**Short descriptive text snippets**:
-*-*-

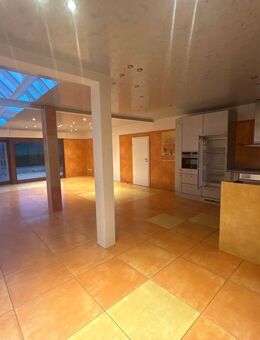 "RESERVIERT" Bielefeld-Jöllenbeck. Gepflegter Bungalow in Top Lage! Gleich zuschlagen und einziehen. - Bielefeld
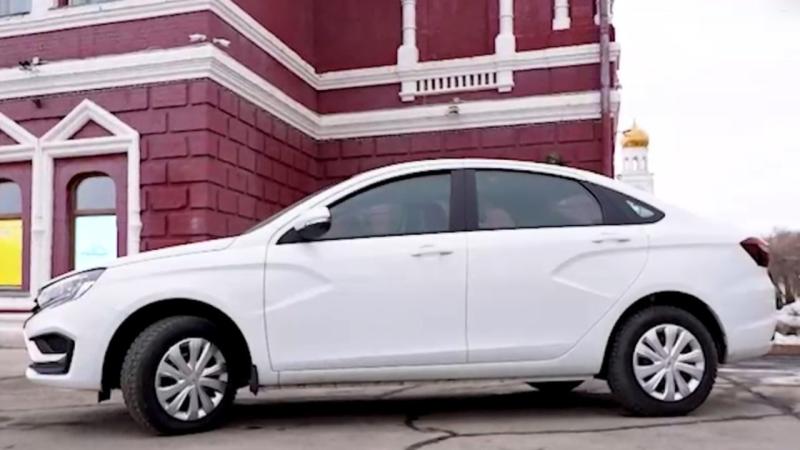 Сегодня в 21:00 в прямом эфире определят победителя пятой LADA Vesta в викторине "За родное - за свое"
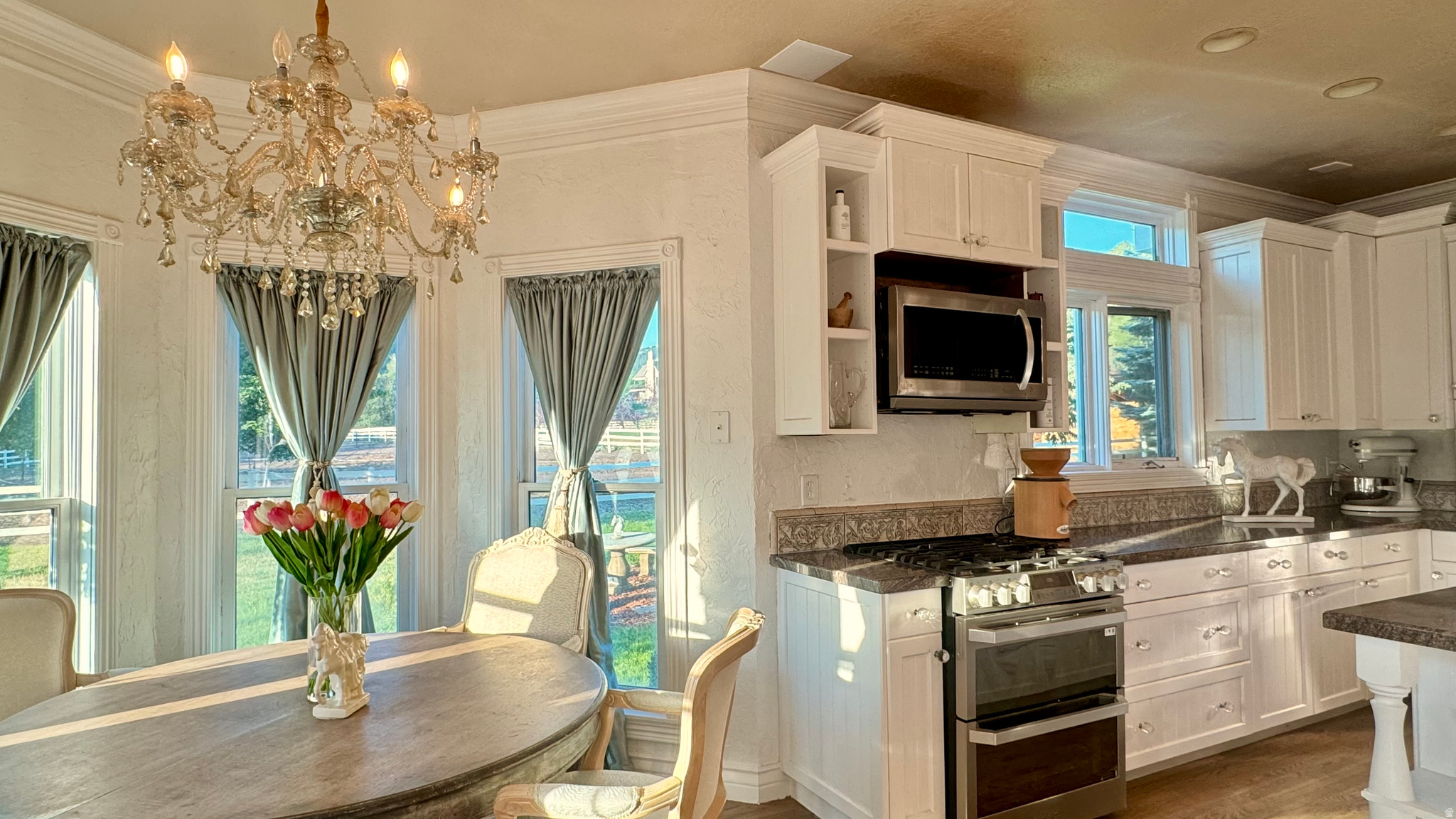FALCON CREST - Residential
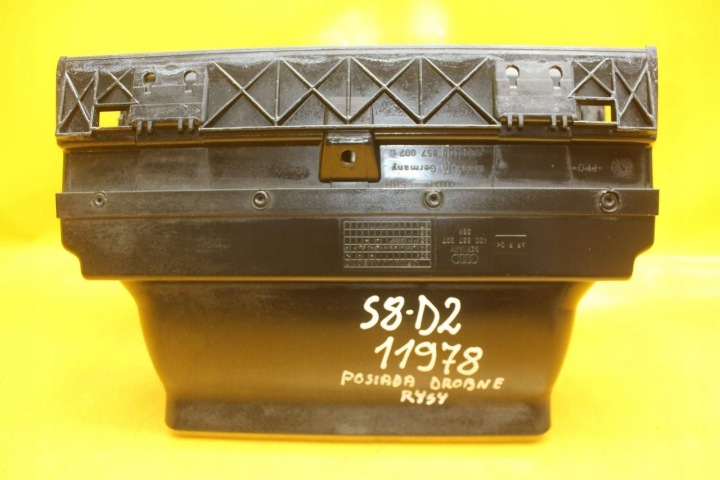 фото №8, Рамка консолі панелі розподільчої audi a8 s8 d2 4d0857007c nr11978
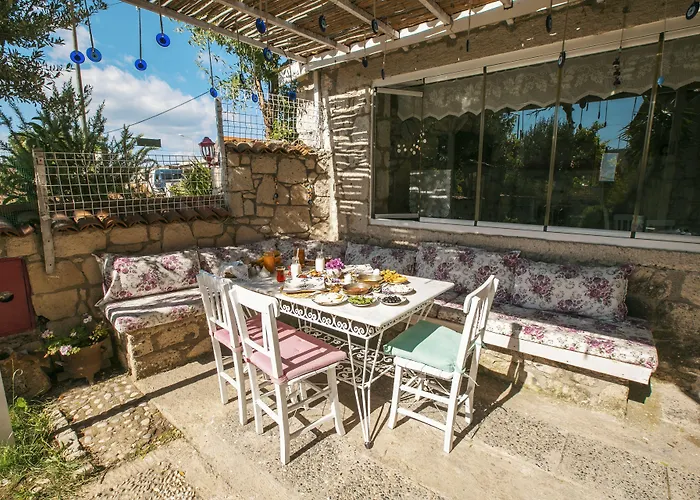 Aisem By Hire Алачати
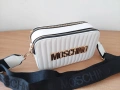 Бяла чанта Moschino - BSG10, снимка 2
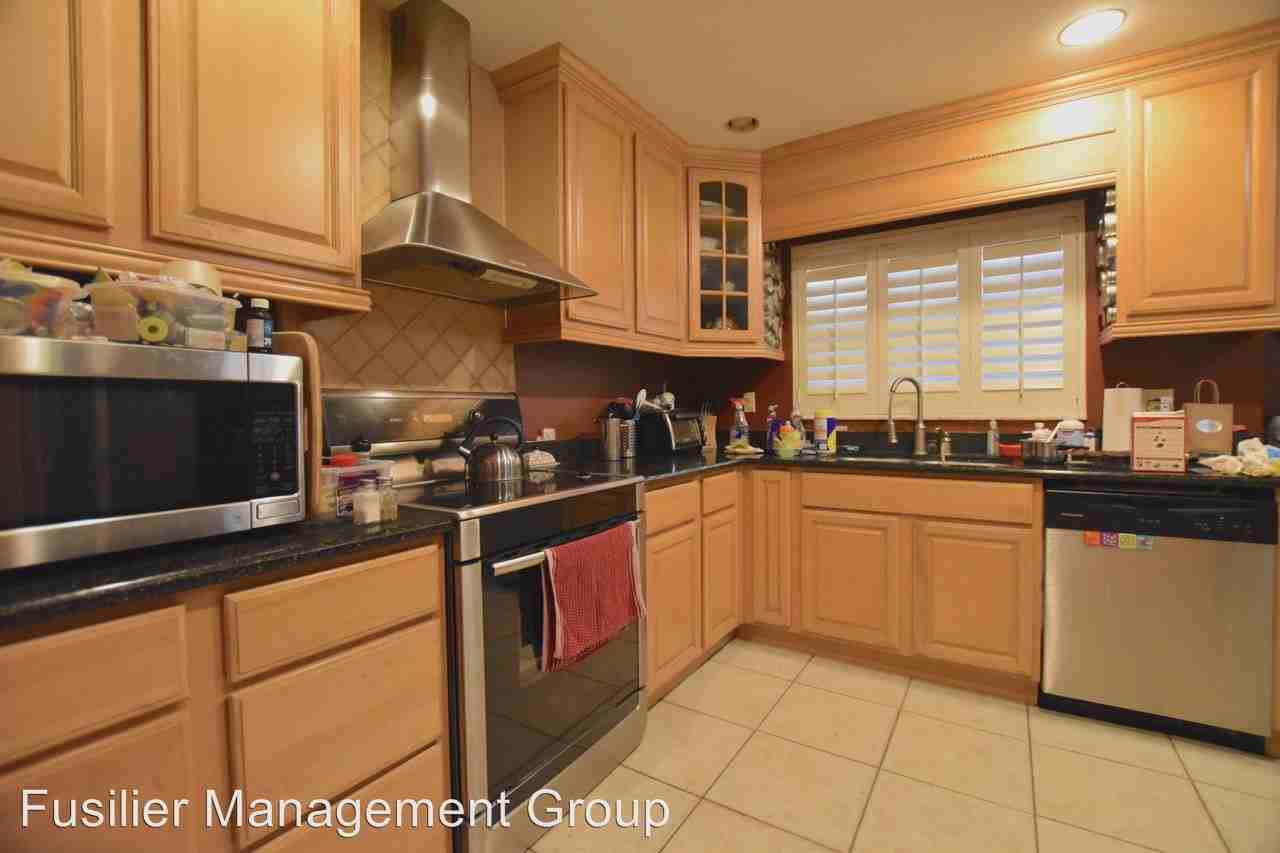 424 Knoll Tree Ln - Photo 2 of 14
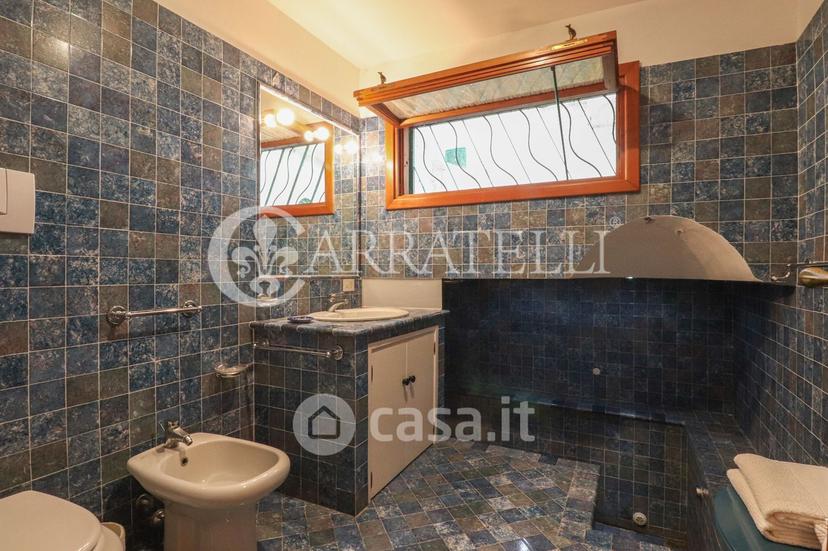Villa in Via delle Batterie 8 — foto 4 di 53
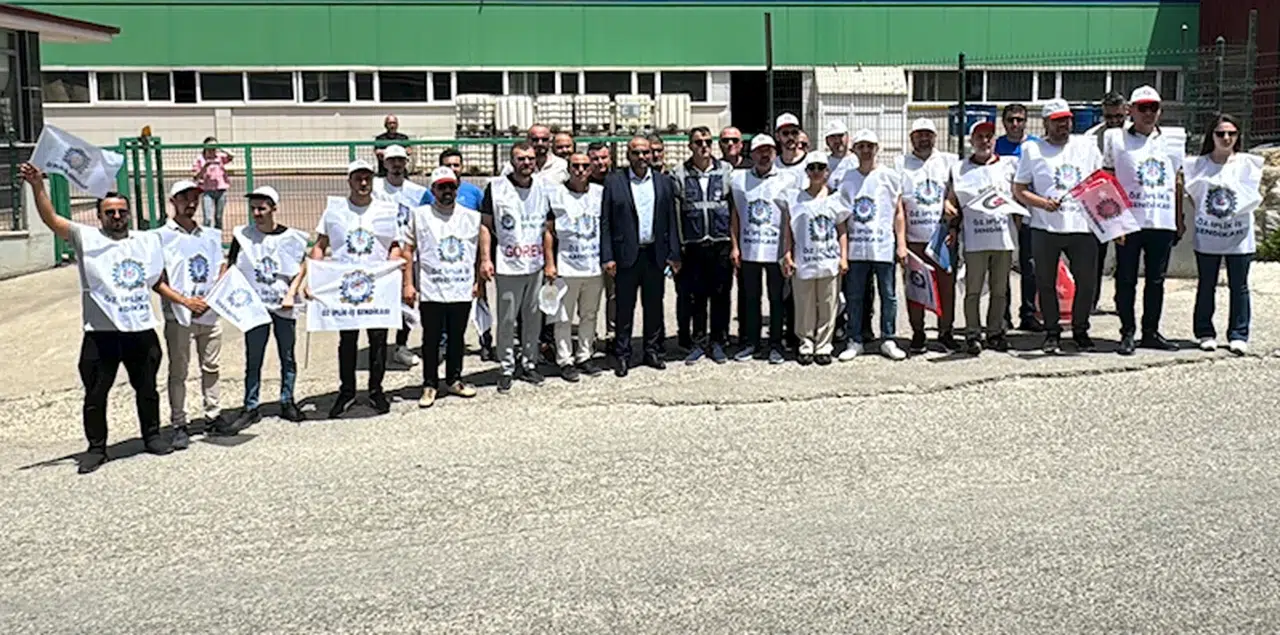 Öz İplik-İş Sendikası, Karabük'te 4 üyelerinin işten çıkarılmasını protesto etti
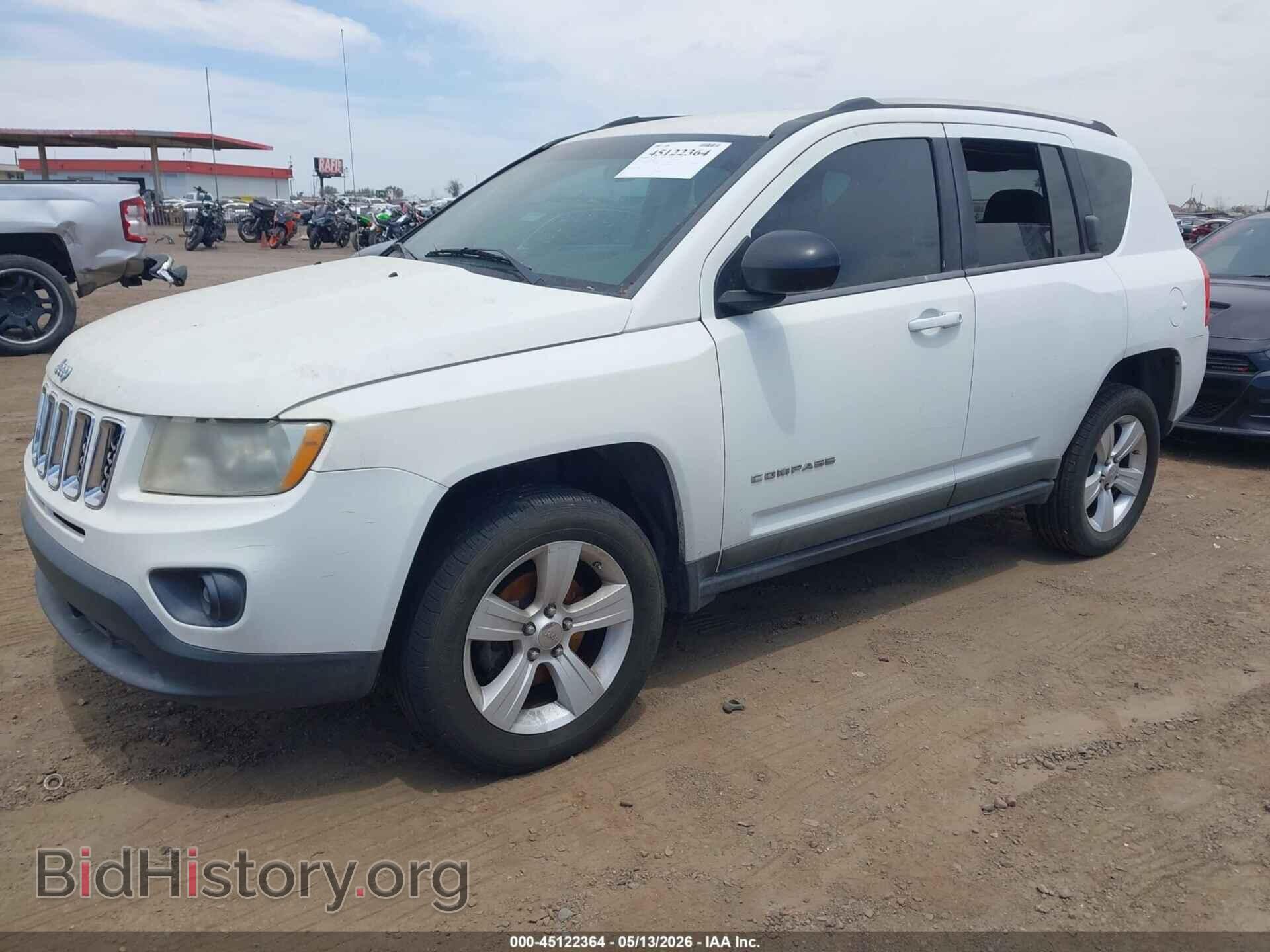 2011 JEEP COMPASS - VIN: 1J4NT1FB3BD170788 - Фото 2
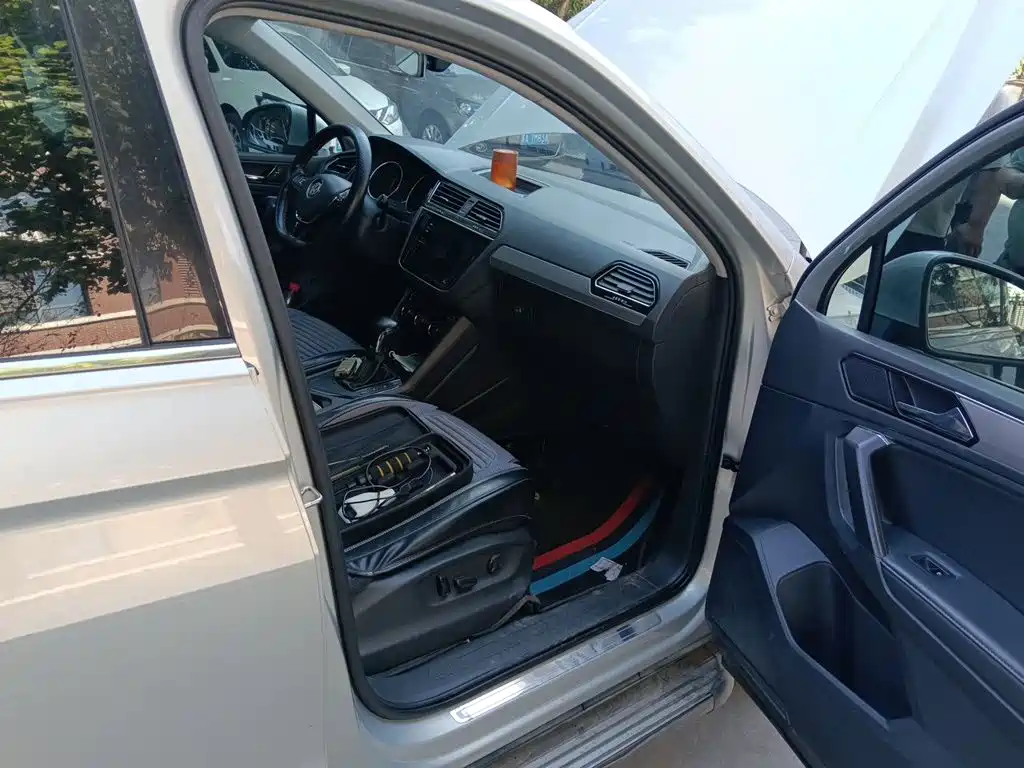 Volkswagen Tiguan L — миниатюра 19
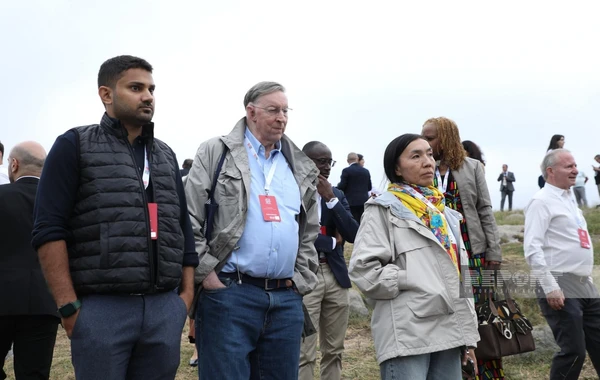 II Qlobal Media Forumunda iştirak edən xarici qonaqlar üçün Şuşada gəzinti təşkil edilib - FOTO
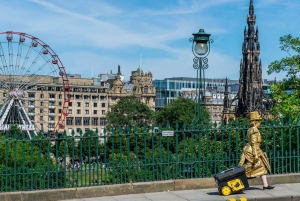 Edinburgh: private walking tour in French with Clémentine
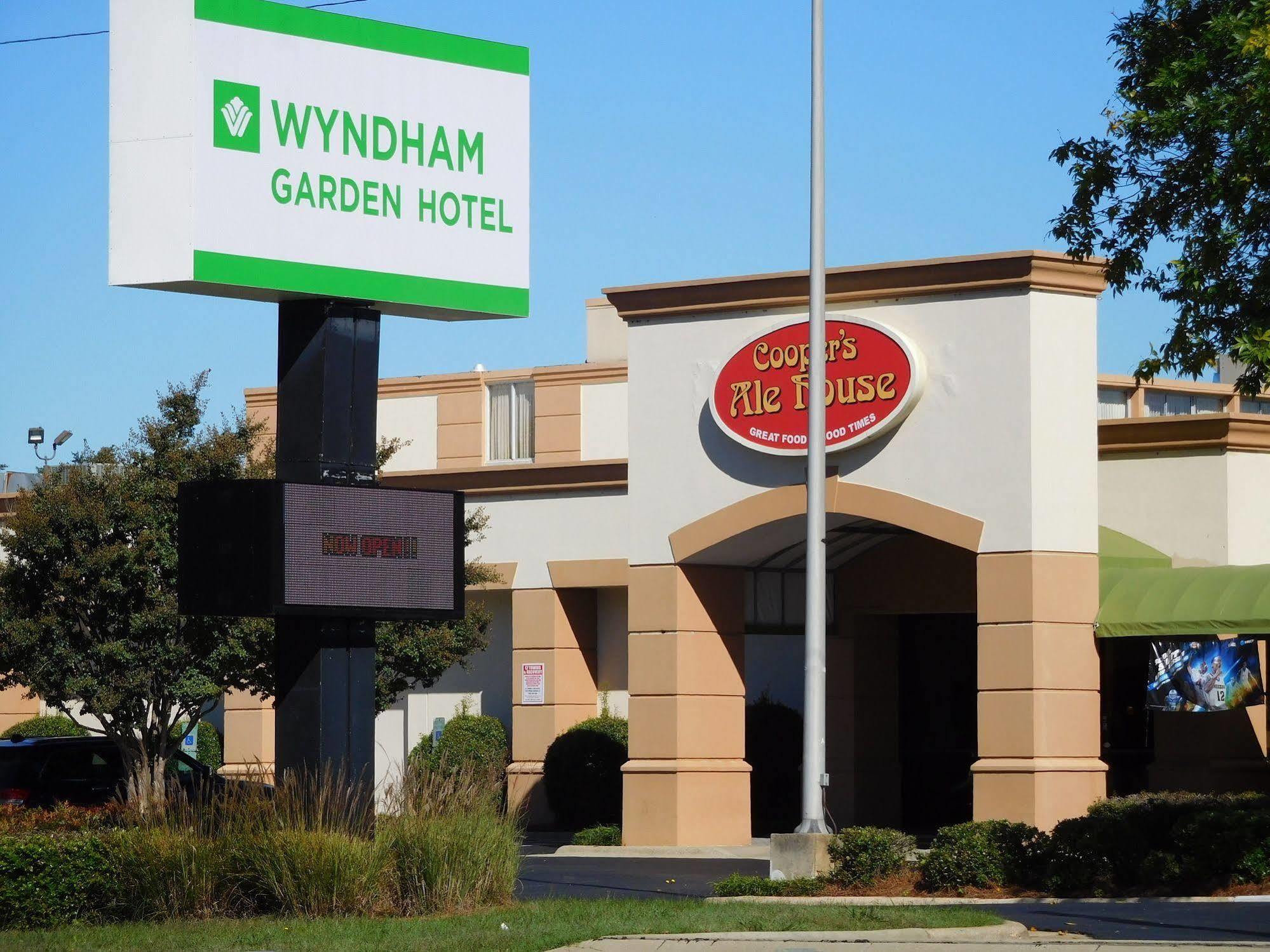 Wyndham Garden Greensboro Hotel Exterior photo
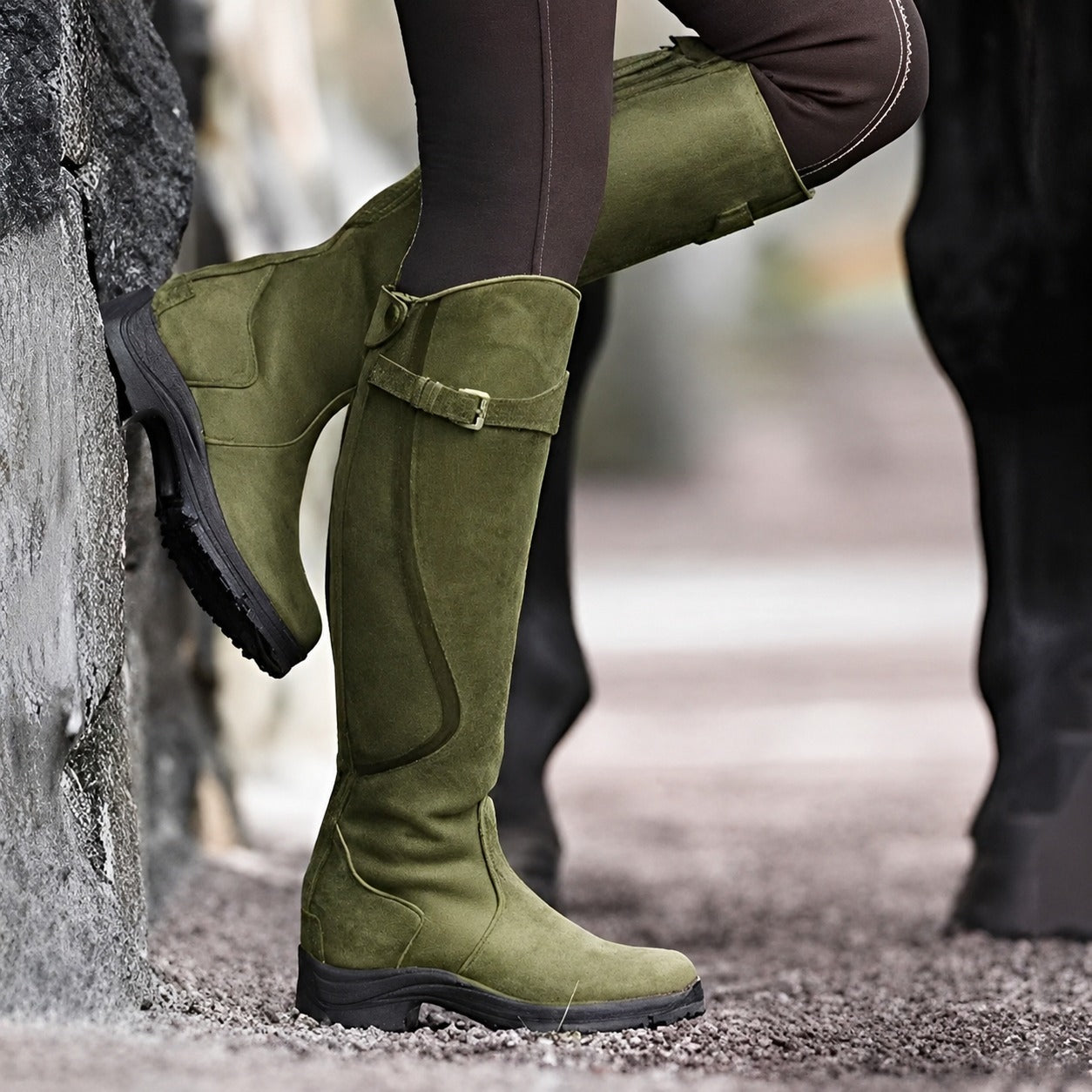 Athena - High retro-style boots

-*-*-

**WHAT TO WORK ON**:
With the pictures omitted, restate word for word the lines above from the line that has "Бяла чанта Moschino - BSG10, снимка 2" up to and including the line that has "2011 JEEP COMPASS", and no other lines.

**ANSWER SPACE**:
 Бяла чанта Moschino - BSG10, снимка 2
 424 Knoll Tree Ln - Photo 2 of 14
Villa in Via delle Batterie 8 — foto 4 di 53
 Öz İplik-İş Sendikası, Karabük'te 4 üyelerinin işten çıkarılmasını protesto etti
 2011 JEEP COMPASS - VIN: 1J4NT1FB3BD170788 - Фото 2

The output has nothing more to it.